Bill was trying to get with Alley—a cute blond who has a boyfriend on a different campus. Her friend Lydia came too, who also has a boyfriend.


Before we hit the bars, we went to my van so I could drop off some books and give him a tour. Not expecting company, I left the van in disarray with dirty gym clothes and cereal boxes scattered on the floor. Upon opening the side doors, a covey of smells escaped like spirits unleashed from a cursed ark.


“It doesn’t smell as bad as you’d think it would,” Bill observed.


We got kicked out of the first two bars because Lydia didn’t have her ID. We wound up in a classy-looking bar that played piano music while suit-and-tied couples ate fancy meals.


I was in my ratty Coldfoot, Alaska tee shirt and a pair of jeans whose origin is unbeknownst to me. Bill—also in disheveled attire—complained that the bar reminded him of the one in The Shining. It was true. Even the bartender was creepily amiable, politely responding to Bill’s insolent request for more “uppity music” and to lift the ban on smoking.


I didn’t care, though. Like a true traveler I took everything—the sights, smells, sounds and idiosyncrasies of my compatriots—in with a hearty gusto.


In our travel writing class we just read an essay by Tobias Smollett who traveled across Europe in the 1800’s.
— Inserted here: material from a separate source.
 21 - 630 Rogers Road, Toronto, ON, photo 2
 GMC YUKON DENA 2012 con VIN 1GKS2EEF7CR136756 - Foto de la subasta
Just imagine going on a trip with a curmudgeonly Grandpa Simpson and you’ll understand the kind of traveler Smollett was.
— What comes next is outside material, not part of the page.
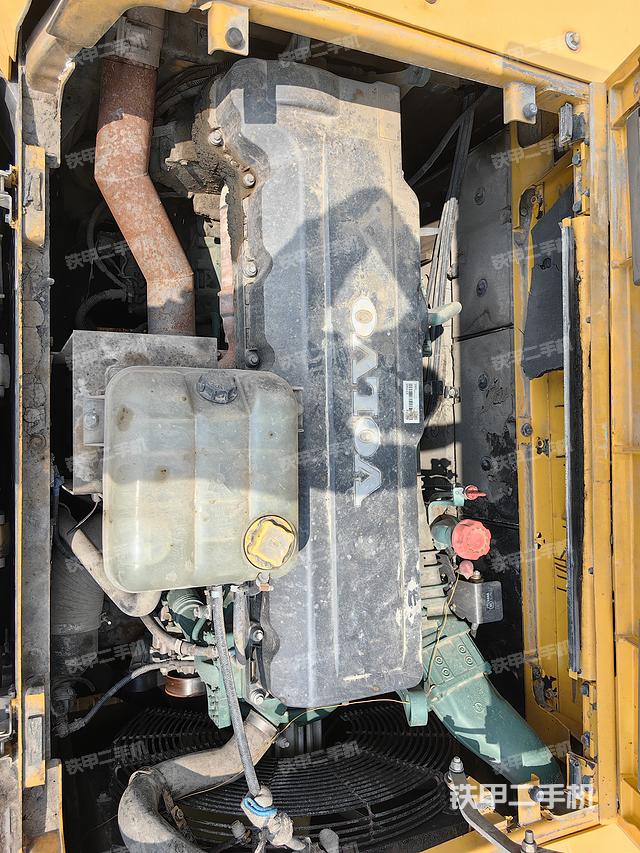 發(fā)動(dòng)機(jī)整體俯視（整機(jī)外觀）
Upon traveling through France, Smollett notes:


“If there is no cleanliness among these people, much less shall we find decency… There are certain mortifying views of human natures, which undoubtedly ought to be concealed as much as possible, in order to prevent giving offence: and nothing can be more absurd than to plead the difference of custom in different countries, in defence of those usages which cannot fail giving disgust to the organs and senses of mankind.”


Yikes. He goes on to ridicule the French for things as trifling as hinges and locks.
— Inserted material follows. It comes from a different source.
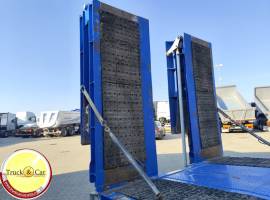 RIF.1264 SEMIRIMORCHIO OZGUL – 2022 – CARRELLONE CON RAMPE IDRAULICHE TRASLANTI – DOPPIA CLASSIFICAZ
I’ve determined to never become a Smollett. I wish to look upon the foreign—never with condescension—but with wide-eyed wonder. Each adversity ought to be treated as a noble challenge. New viewpoints and experiences will help me break apart the hardening clay that encrusts the idle of mind into their own little curmudgeonly worlds.


When we got to Bill’s apartment our class differences were evident. The apartment, with its 30-ft high ceilings, is located in a refurbished tobacco factory, which must cost at least $2,000 a month. Complete with a plasma screen TV, a PS3, and trendy decor, I realized I was in a home far different than the one I had to crouch into each evening.


Bill busted out some fancy wines. When I got out of his bathroom, I quickly noted how the party’s atmosphere had changed.


Bill stood in his boxers by the TV posing—like Costanza in front of a camera—while Lydia ineptly sketched his figure on a giant white sheet of canvas. Bill had his arms folded around the back of his head, and had his back arched as if he was stretching for a limbo. I was all giggles at this point but everyone else was deathly serious. Soon after, Bill got behind the canvas and with a charcoal pencil he feverishly drew Lydia who had stripped down to her bra and panties in a series of dark charcoal lines.


Lydia sprawled out on the floor and flipped off her bra unleashing a pair of jello-y, milky white breasts. Alley began stripping down and laid affectionately with her. I participated in this art scene by busting out my notebook and writing down everything I saw: empty wine bottles, ashtrays with cigarette stubs, two coeds writhing together on the floor with Tarkovsky’s Solaris on in the background, a spartan student in the midst of wealth, and a celibate in the midst of what could soon be an all-out orgy.


Lydia delivered wet, (though tongue-less) kisses to Alley and I think if a few more glasses of wine were imbibed I could have watched a freak-fest unravel. Alas, things ended harmlessly with a game of Apples to Apples and me smilingly teetering back to the van, relishing in the afterglow of my open-minded travels.